I think this is beautiful:
I realized for years I’d thought of love as something that would complete me, make all my troubles go away. I worshipped at the alter of romantic completion. And it had cost me, plenty of times. And it had cost most of the girls I’d dated, too, because I wanted them to be something they couldn’t be. It’s too much pressure to put on a person. I think that’s why so many couples fight, because they want their partners to validate them and affirm them, and if they don’t get that, they feel as though they’re going to die. And so they lash out. But it’s a terrible thing to wake up and realize the person you just finished crucifying didn’t turn out to be Jesus.
I was interviewing my friend Susan Isaacs after her book Angry Conversations with God came out. We were in front of a live audience, and I was reading questions to her off of index cards submitted by the audience…one of the questions was whether she believed there was one true love for every person.

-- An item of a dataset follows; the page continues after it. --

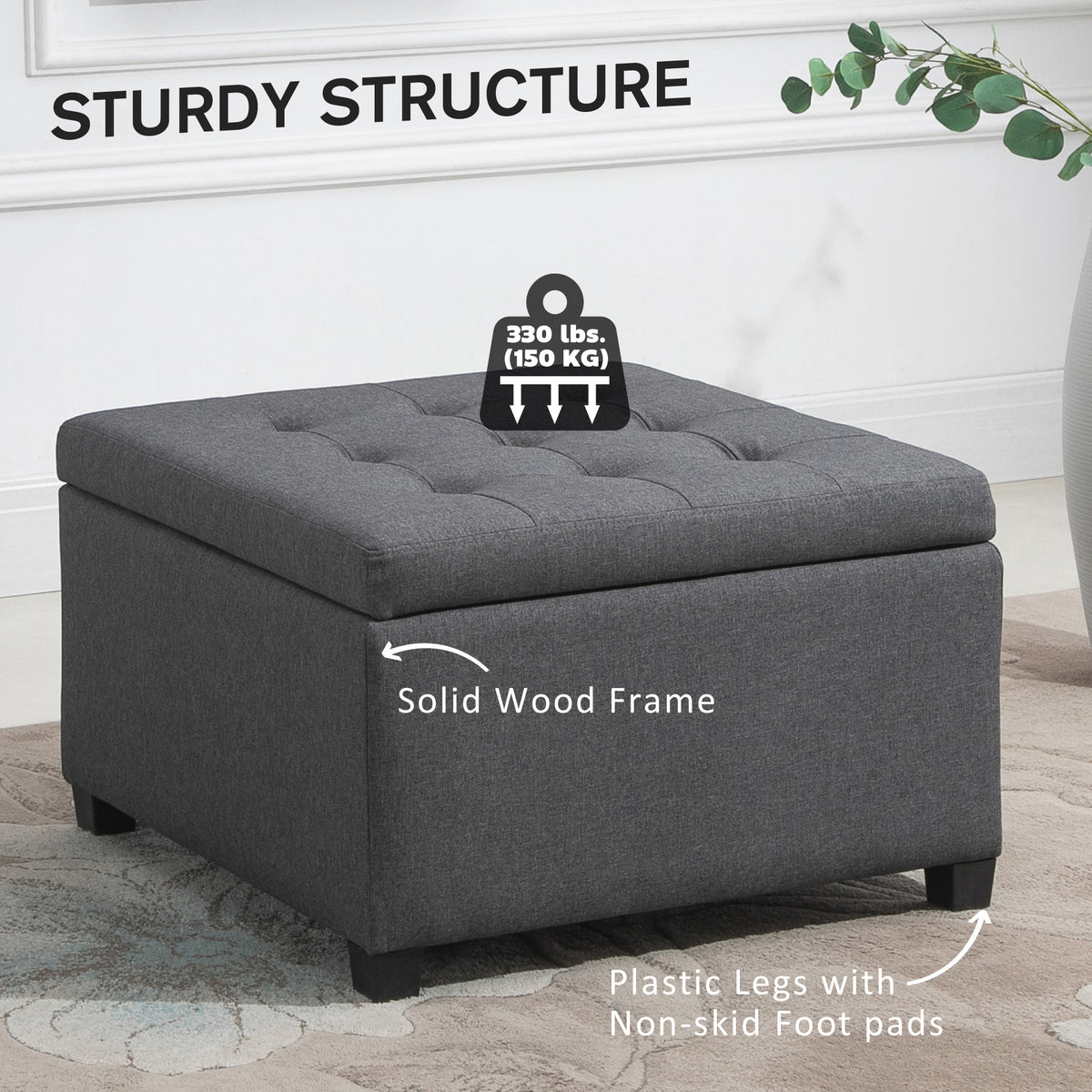 Tufted storage ottoman with upholstered bench seat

Susan essentially said no. And she said that with her husband sitting right there in the audience. She said she and her husband believed they were a cherished prize for each other, and they would probably drive any other people mad. But then she said something I thought was wise. She said she had married a guy, and he was just a guy. He wasn’t going to make all her problems go away, because he was just a guy. And that freed her to really love him as a guy, not as an ultimate problem solver. And because her husband believed she was just a girl, he was free to really love her too. Neither needed the other to make everything okay. They were simply content to have good company through life’s conflicts. I thought that was beautiful…
When you stop expecting people to be perfect, you can like them for who they are.
Rather than diminishing the other to think of them as “just” a guy/girl…it elevates him/her to be fully who they are created to be…rather than squished into this box of being expected to look and act like you expect.